**REQUIRED WORK**
Output each entry below as it stands, leaving out every picture.

**RECORDS SUPPLIED**
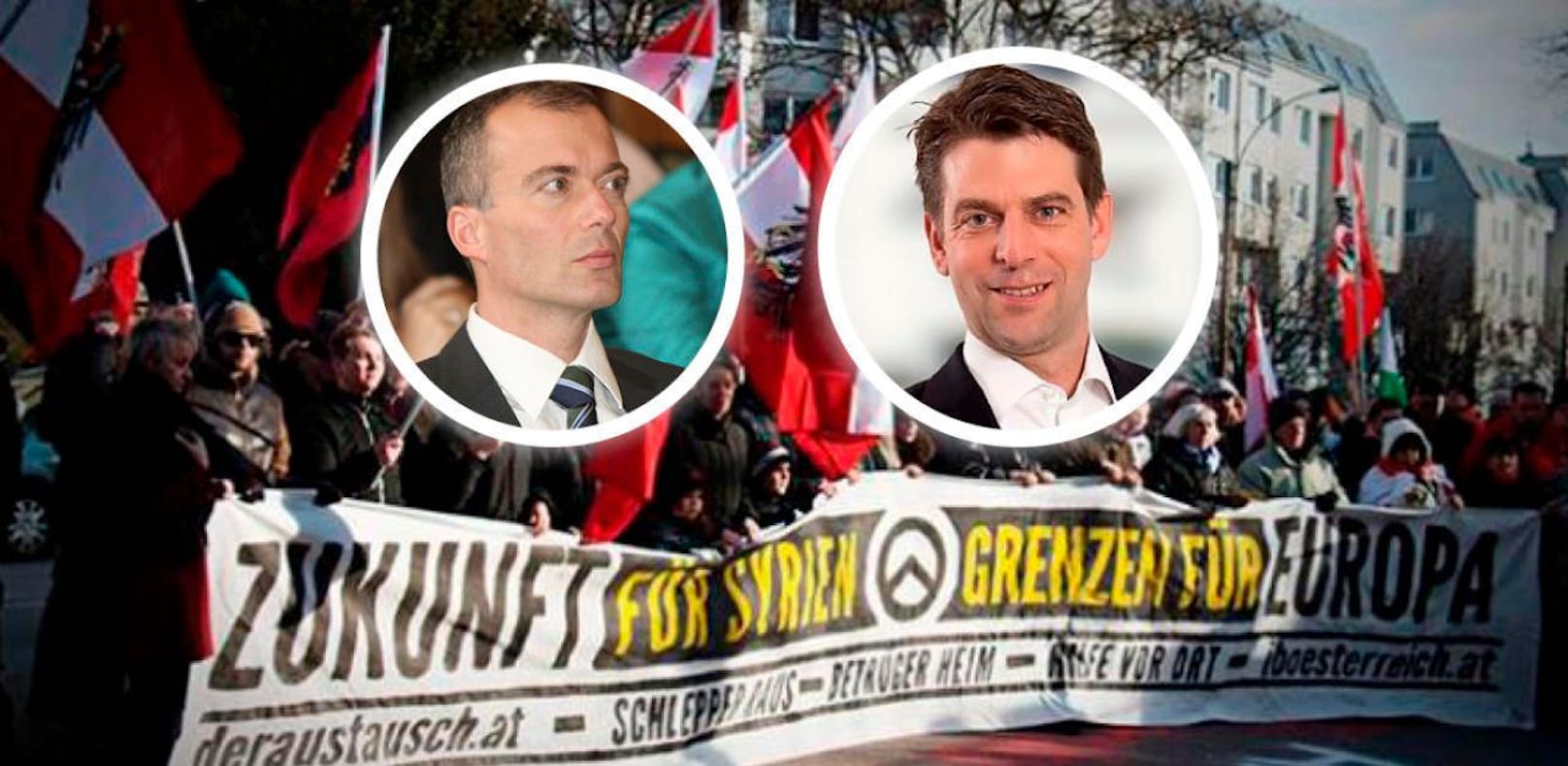 Neonazi Franz Radl (links) und Grazer FP-Gemeinderat Heinrich Sickl (Rehts): Aufregung Identitären-Demos. Credit: IStock, FPÖ-Graz, Archivbild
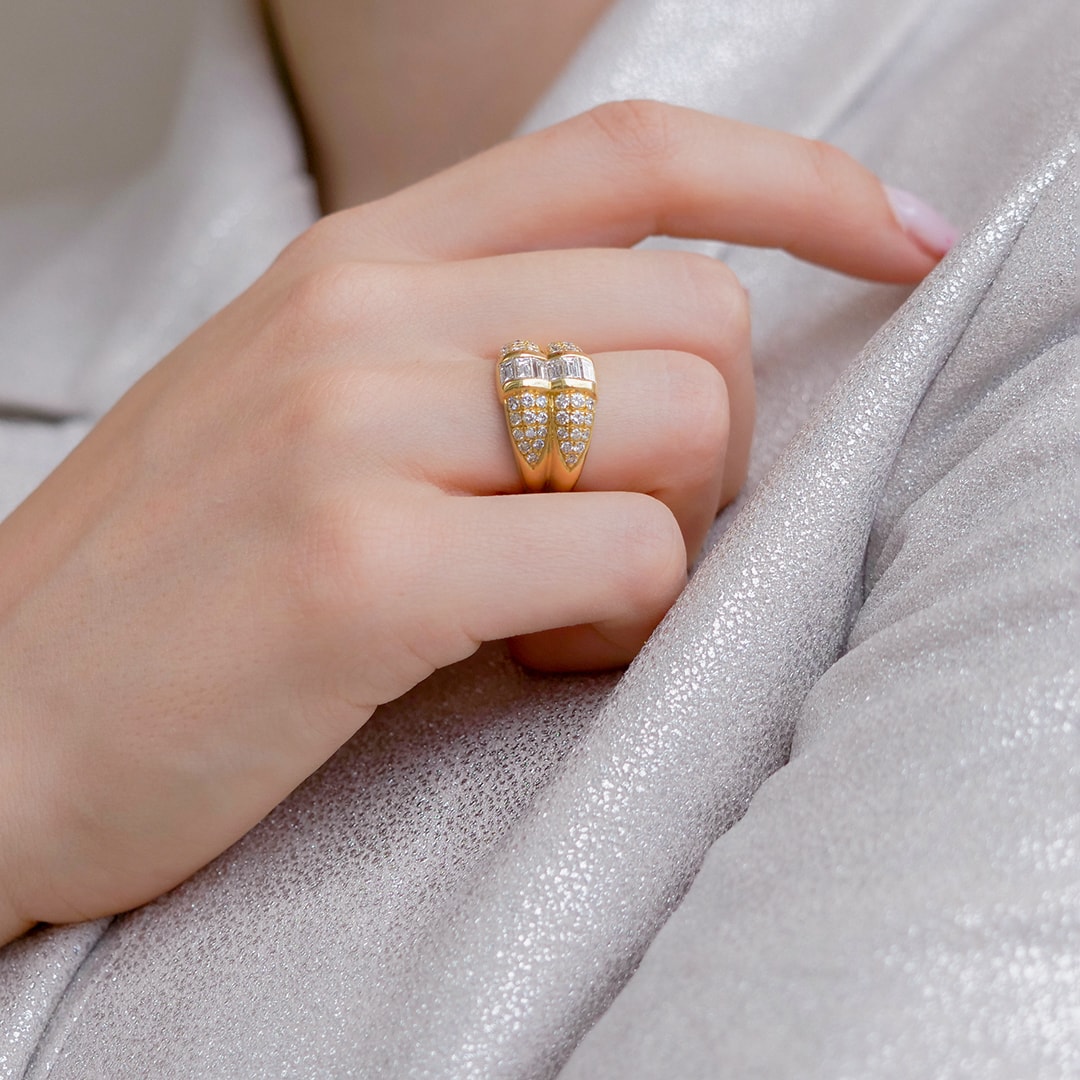 Schmuck: Doppelter Ring mit Diamanten Gelbgold Gr. 53 aus 750 Gelbgold von Last Pieces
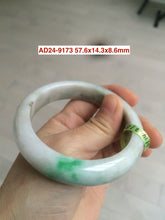 Load image into Gallery viewer, 53-62mm certified Type A 100% Natural sunny green/white/purple/pale pink/black Jadeite Jade bangle (with defects) group AD24
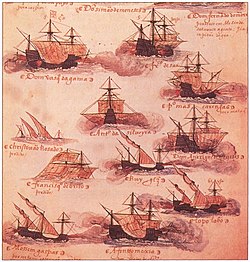 Portuguese carracks and caravels. The Portuguese fleet provided fire support to the landing troops with its powerful artillery.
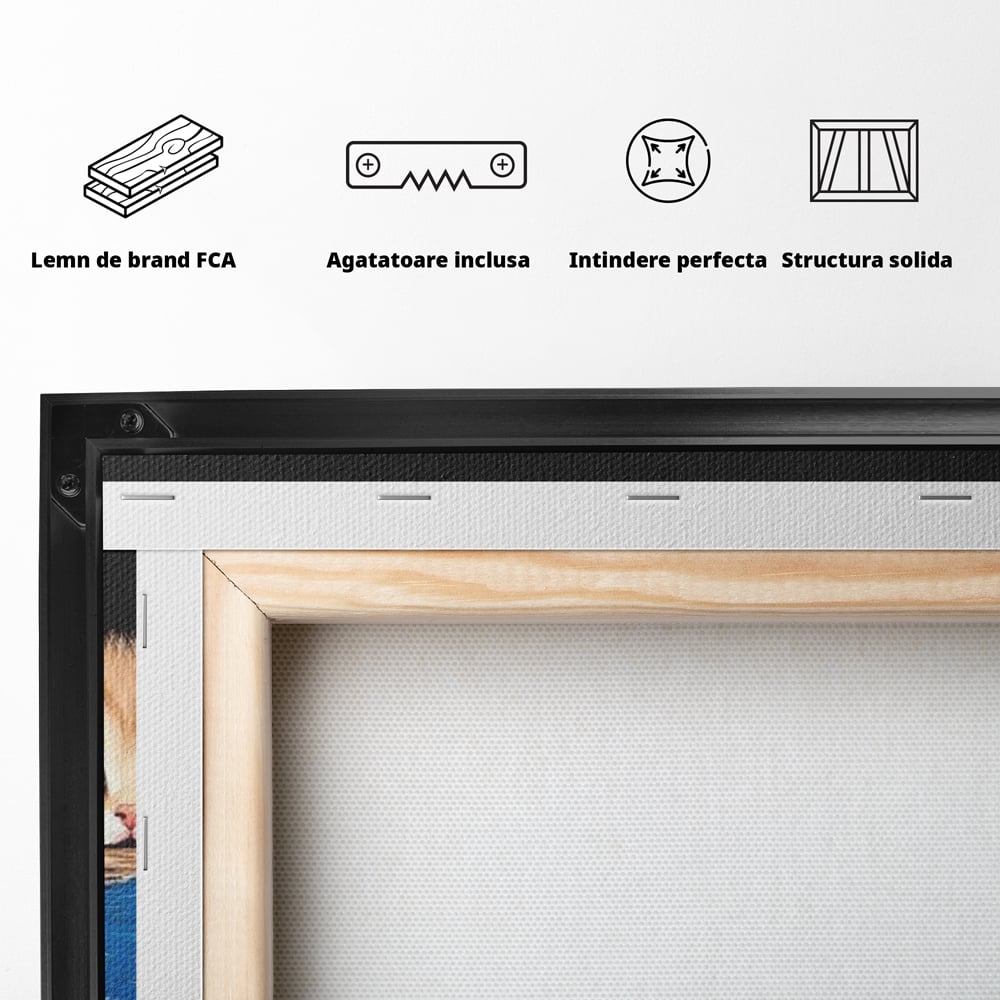 Tablou Canvas Premium, LuxCanva® M1234, Un Trio Curios, Pufosenii, Adorabil, Pisici, Curiozitate, Fratiori, Joaca, Copilarie, Blanosi, Lemn, Albastru, Birou, Living, Camera Copil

**TASK SOLUTION**
 Neonazi Franz Radl (links) und Grazer FP-Gemeinderat Heinrich Sickl (Rehts): Aufregung Identitären-Demos. Credit: IStock, FPÖ-Graz, Archivbild
 Schmuck: Doppelter Ring mit Diamanten Gelbgold Gr. 53 aus 750 Gelbgold von Last Pieces
 Load image into Gallery viewer, 53-62mm certified Type A 100% Natural sunny green/white/purple/pale pink/black Jadeite Jade bangle (with defects) group AD24
 Portuguese carracks and caravels. The Portuguese fleet provided fire support to the landing troops with its powerful artillery.
 Tablou Canvas Premium, LuxCanva® M1234, Un Trio Curios, Pufosenii, Adorabil, Pisici, Curiozitate, Fratiori, Joaca, Copilarie, Blanosi, Lemn, Albastru, Birou, Living, Camera Copil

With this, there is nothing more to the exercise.